Directive confirmée par Jean-Michel Bonvin, porte- parole du Groupe Mutuel, dont dépend La Caisse Vaudoise, qui signale que les conditions générales d’assurances (CGA) l’ont ainsi prévu. Nul et non avenu, estime l’OFAS, puisque la loi ne dit rien à ce sujet: un assuré peut donc très bien, pour autant que les bureaux soient ouverts, apporter sa résiliation «en main propre», même le 30 novembre (ultime délai) et exiger un reçu comme preuve d’avoir agi dans les délais.
Clients défavorisés
Le Groupe Mutuel, qui regroupe 16 caisses, fait également très fort avec son site Internet: il sélectionne automatiquement la caisse du groupe la plus avantageuse en fonction de l’âge et du lieu de domicile de l’internaute, sans la désigner. La prime varie en effet selon la caisse d’origine. Ainsi, un lecteur jurassien de 1971 s’est vu proposer une prime de 117 fr. lorsqu’il disait venir d’Helsana, mais de 135 fr. s’il avouait venir de La Caisse vaudoise. Et il en va de même avec toutes les caisses du groupe...
«C’est la politique de la maison, explique Jean-Michel Bonvin: nous laissons nos assurés là où ils sont et ne leur proposons pas de passer dans l’une de nos caisses plus avantageuses.» En d’autres termes: on fait l’effort nécessaire pour aller piquer les assurés à la concurrence, mais que ceux qui sont chez nous se contentent de ce qu’ils ont...
Trop vieux!
Surprise de Daniel Haus lorsqu’il tente de demander une offre pour l’assurance de base sur le site Internet de Progrès. Après avoir entré les informations d’usage, dont la date de naissance, le programme refuse d’afficher les primes.

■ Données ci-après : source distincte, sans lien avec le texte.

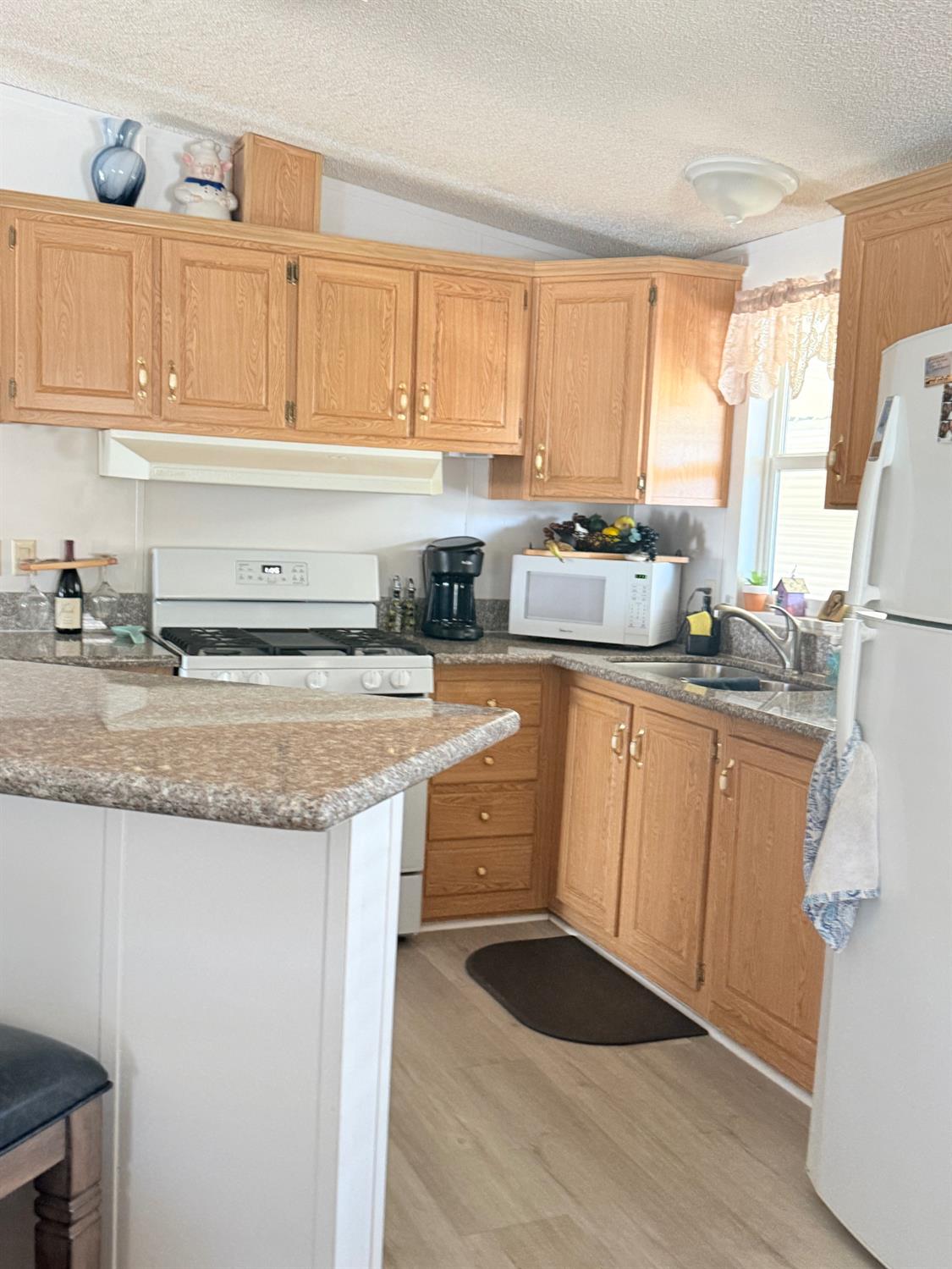 1500 Villa #28, Clovis, CA 93612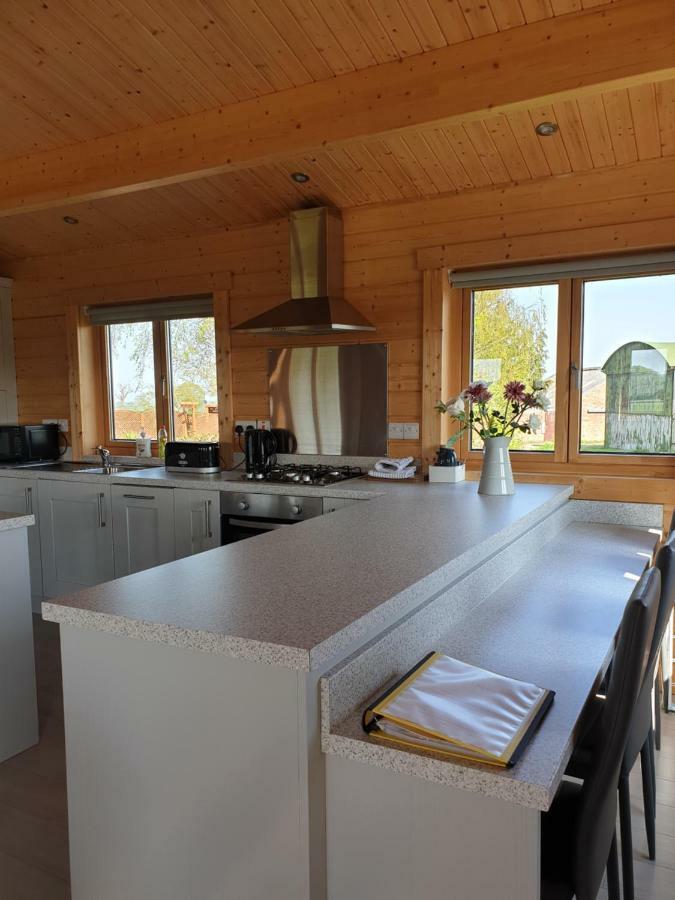 Ruth'S Retreat Country Retreat With Private Hot Tub Shrewsbury Exterior foto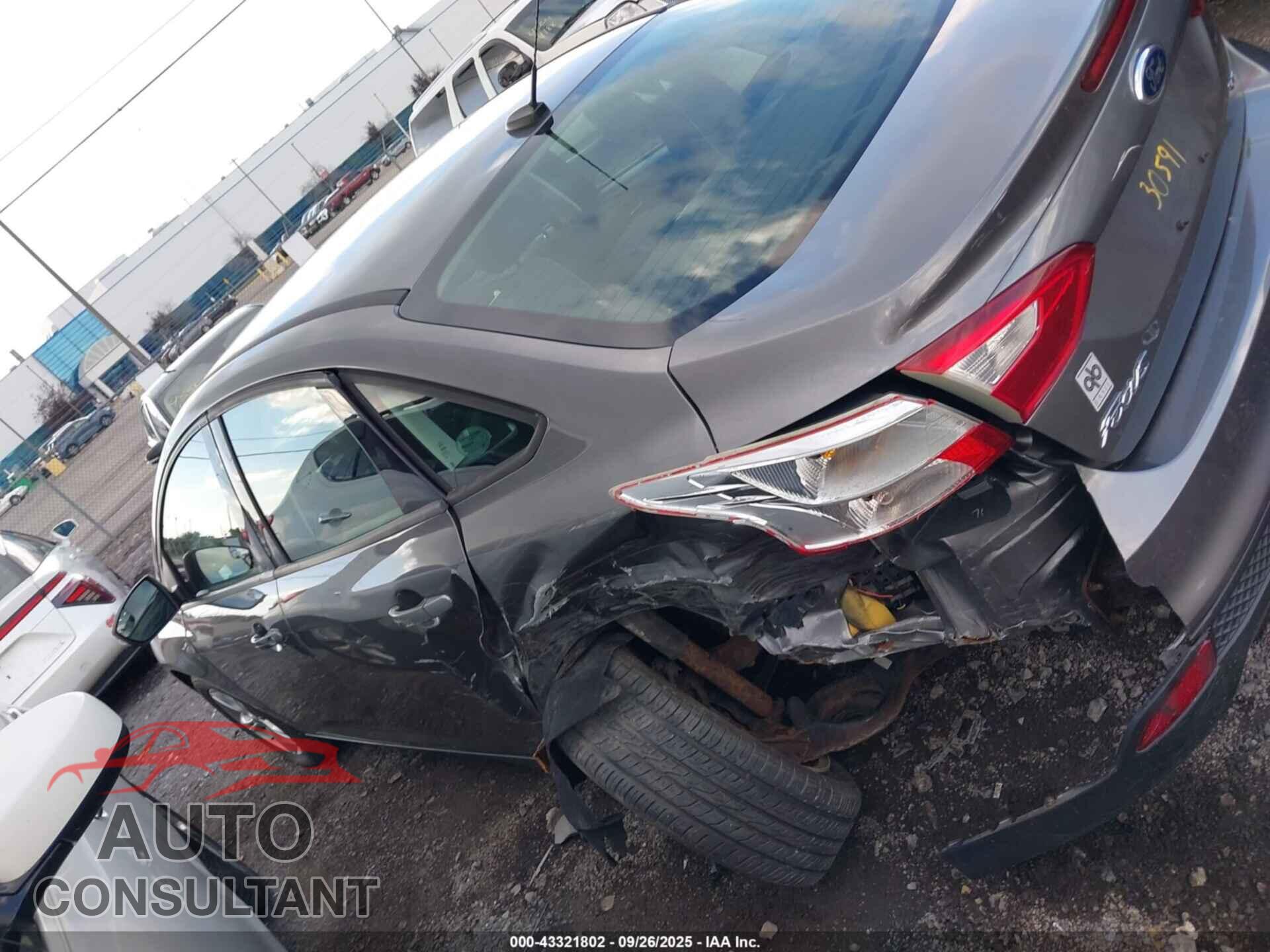 FORD FOCUS 2013 - 1FADP3F21DL137000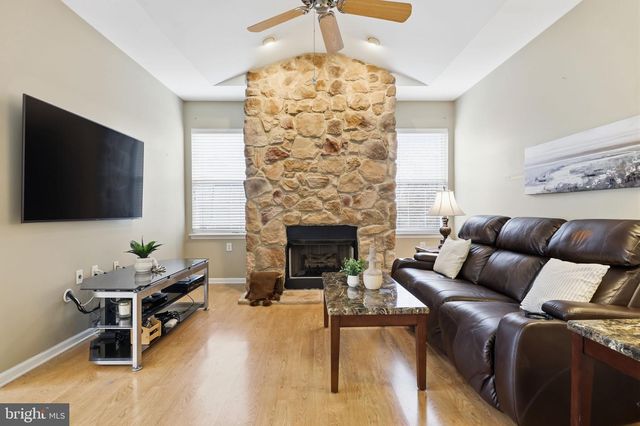 10 TUPELO LN, Langhorne, PA 19047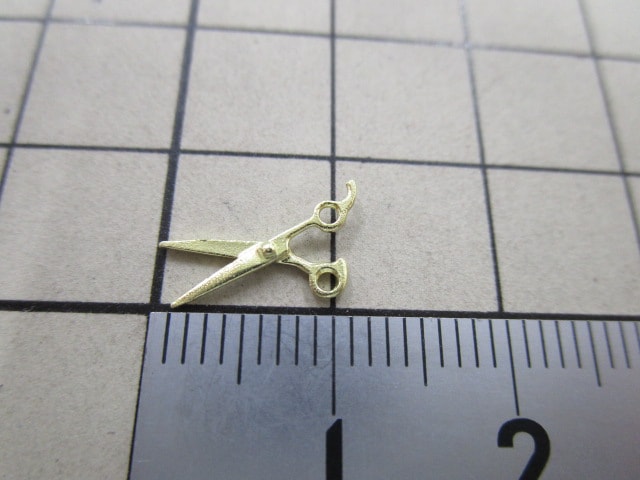 ハサミ型ネイルパーツ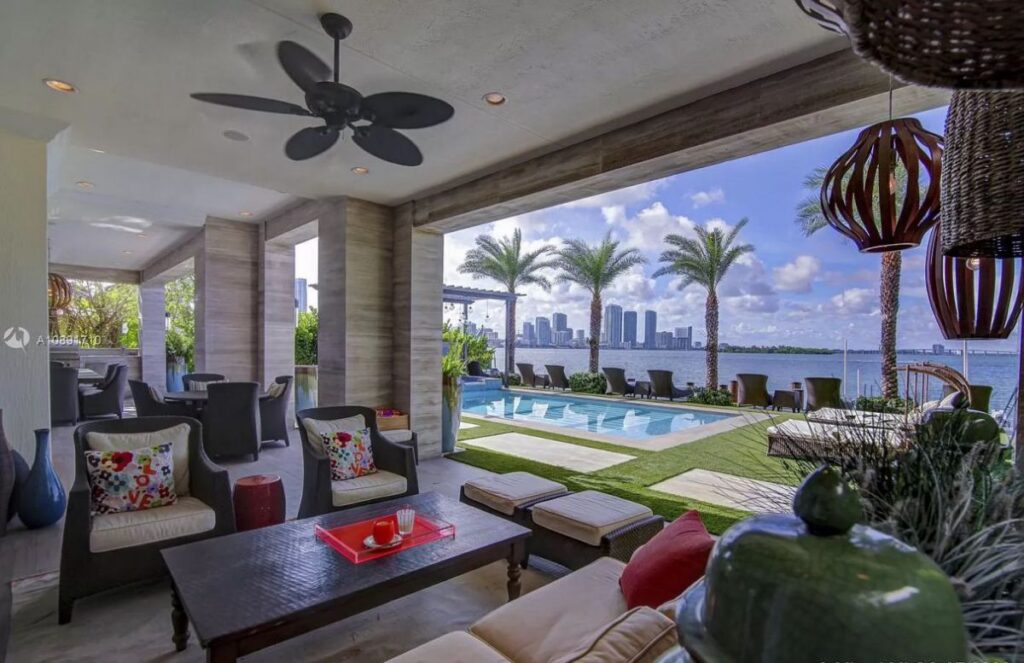 Venetian Island Modern Estate offers the Ultimate of Luxury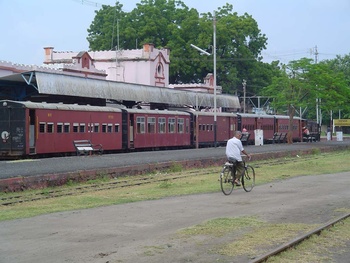Train_to_Jambusar_Pratap_Nagar_station.jpg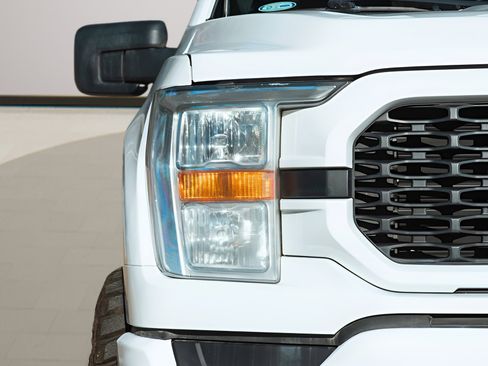 Used 2022 Ford F150 XL w/ STX Appearance Package RWD image 8
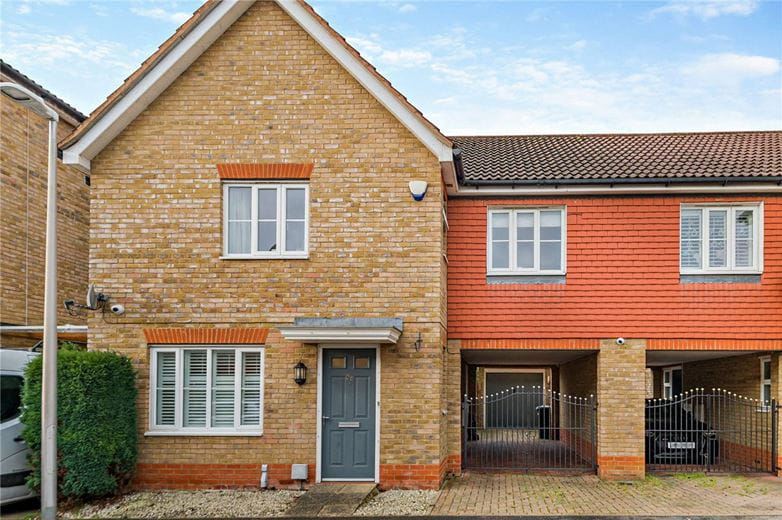 4 bedroom house, Claremont Crescent, Newbury RG14 - Available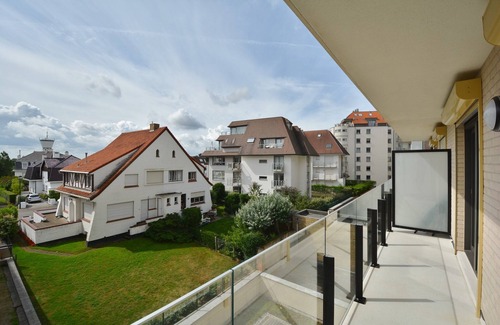 Knokke Apartment | Apartment in Duinbergen near Sailing Club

Motif (imprimé en rouge sur l’écran): aucune proposition ne peut être établie si l’âge dépasse 65 ans... Est-ce légal, demande notre lecteur?
Bien sûr que non, répond sans hésitation l’Office fédéral des assurances sociales (OFAS), puisque la loi interdit les réserves dues à l’âge pour l’assurance de soins obligatoire (base). Ce qui ne fait même pas sourciller Christian Beusch, porte-parole de Progrès: puisque «nous précisons que l’internaute peut nous contacter pour obtenir d’autres offres». Et si vous rétorquez qu’il s’agit alors d’une intolérable dissuasion, le représentant de Progrès semble sincèrement affligé d’un jugement aussi péremptoire!
Assurance imposée
Sylvain Mange a d’excellentes dents. Aussi son père n’a-t-il guère apprécié que Helsana ajoute, sans qu’il n’ait rien demandé, et surtout sans un mot d’information ou d’explication personnel, une police d’assurance dentaire. En bas de page, on peut lire: «Si la teneur de la police ou des avenants ne concorde pas avec les conventions intervenues,
le preneur d’assurance doit
en demander la rectification dans les 4 semaines à partir de la réception de l’acte, faute de quoi, la teneur est considérée comme acceptée.»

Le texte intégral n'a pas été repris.